Le muscat à petits grains, autrement
Un dernier passage à la vigne, en pur passerillé, sera travaillé sans macération. Il obéira aux règles de l’art des XVIIe et XVIIIe siècles. Sera-t-il là en assez grand nombre, en assez grande qualité pour envisager une cuvée Prima Ora 2016 ? Pour l’instant, la petite récolte, habituelle pour les Clos de Miège, et même un peu supérieure, donne une très belle qualité. Une très très belle qualité pour ce millésime si difficile, qui demandera une veille et des soins de tous les instants à la vinification et dans les premiers temps de l’élevage.

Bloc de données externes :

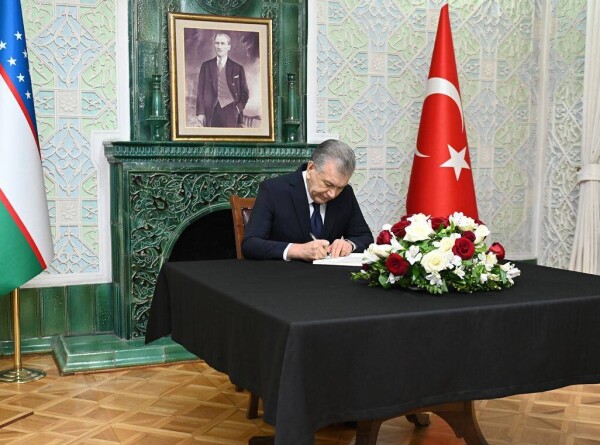 Мирзиеев посетил посольство Турции в Ташкенте и оставил запись в книге соболезнований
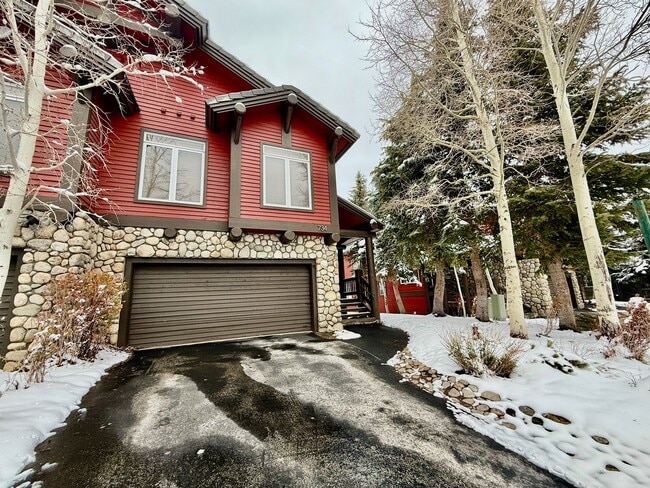 Building Photo - Snowcreek V – Stunning 4 Bed, 3 Bath Corner Unit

« Avec le muscat à petit grains, on peut tout se permettre » me confiait Bruno Pastourel, éminent vigneron du Château de La Peyrade à Frontignan, précurseur de l’élaboration de muscats secs et du retour au vin sans mutage dans les années 1990. C’est ce que nous faisons aux Clos de Miège, avec tout le respect dû au vénérable cépage – un des plus anciens du Languedoc-, ce fabuleux cépage, aromatique, fin, subtil et fragile qui m’a conduite, un jour de 2013, à partir à la recherche de goûts perdus. Un goût naturel, gardien d’un environnement, un goût historique, gardien d’une mémoire, pour un vin sentinelle qui alerte sur la disparition d’un patrimoine et de pratiques viticoles d’excellence.
Un vin naturel autrement ? Des échanges sur les réseaux sociaux autour des traditions, des méthodes ancestrales et des apports techniques ou oeonologiques m’interpellent. Depuis quand le retour à des pratiques d’excellence (tri à la parcelle, passerillage, muscat sans mutage) interdirait-il de se nourrir des savoirs et avancées de la science? La maitrise des fermentations, et surtout de l’absence de refermentations!, libère de l’usage de sulfites (à l’exception de la mise en bouteille, où l’apport de S02 est encore incontournable, mais très limité). Je puise dans l’imagination des laboratoires l’usage de protéines végétales bio. Aucune expérience qui apporte une qualité supplémentaire, un travail soigné, dans le respect de son environnement n’est négligée. Vive la macération à froid, qui libère les arômes et redonne vie au raisin! Elle illumine le travail actuel sur l’Originel.
Mélanger les savoirs, sagesse de pratiques transmises ou d’ouvrages savants et brio de découvertes scientifiques, tendre des ponts entre ces savoirs et ces traditions, quelle belle entreprise, en cet instant, que de poursuivre l’apprentissage sans cesse même et différent du métier de vigneronne!